The changes in fair value of energy-related derivative contracts for the three months and nine months ended September 30, 2009 were as follows:
                 
    Third Quarter   Year-to-Date
    2009   2009
    Changes   Changes
    Fair Value
    (in millions)
Contracts outstanding at the beginning of the period, assets (liabilities), net
  $ (91.5 )   $ (91.9 )
Contracts realized or settled
    41.6       105.5  
Current period changes(a)
    2.9       (60.6 )
 
Contracts outstanding at the end of the period, assets (liabilities), net
  $ (47.0 )   $ (47.0 )
 
(a)   Current period changes also include the changes in fair value of new contracts entered into during the period, if any.

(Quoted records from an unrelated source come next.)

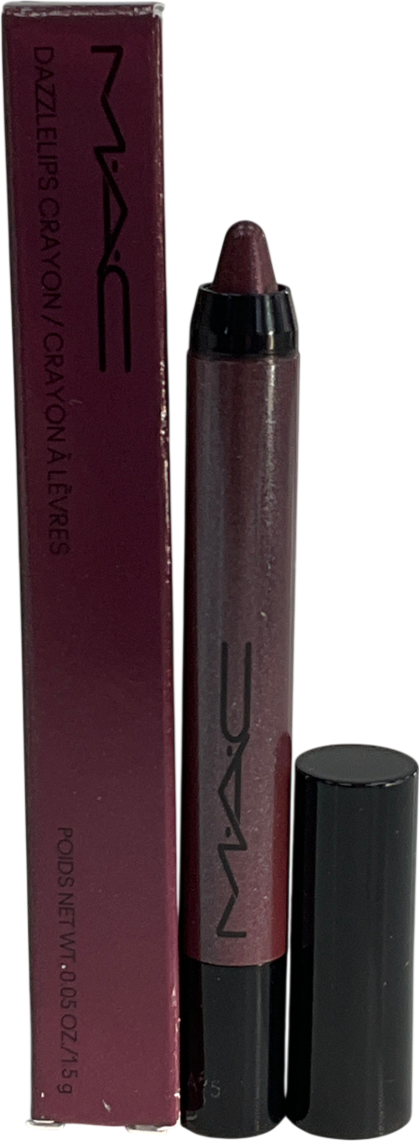 MAC Dazzlelips Crayon Grapefruit 1.5g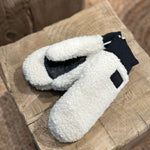 UGG Fluff käsineet, nimbus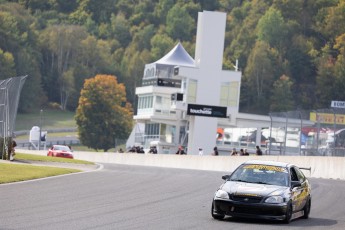 Classique d'automne au Mont-Tremblant - Autres séries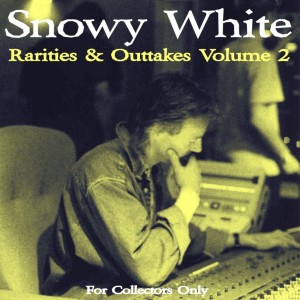 收聽Snowy White的I Can't Believe It歌詞歌曲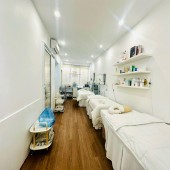 Mặt Phố Ngô Thì Nhậm 30M2 3 Tầng 15.5 Tỷ Lô góc Vỉa Hè Rộng đẹp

The increases in the fair value positions of the energy-related derivative contracts for the three months and nine months ended September 30, 2009 were $44 million and $45 million, respectively, substantially all of which is due to natural gas positions. These changes are attributable to both the volume and prices of natural gas. At September 30, 2009, Alabama Power had a net hedge volume of 40 million mmBtu with a weighted average contract cost approximately $1.17 per mmBtu above market prices, compared to 49 million mmBtu at June 30, 2009 with a weighted average contract cost approximately $1.89 per mmBtu above market prices and compared to 45 million mmBtu at December 31, 2008 with a weighted average contract cost approximately $2.12 per mmBtu above market prices. The majority of the natural gas hedge settlements are recovered through the fuel cost recovery clauses.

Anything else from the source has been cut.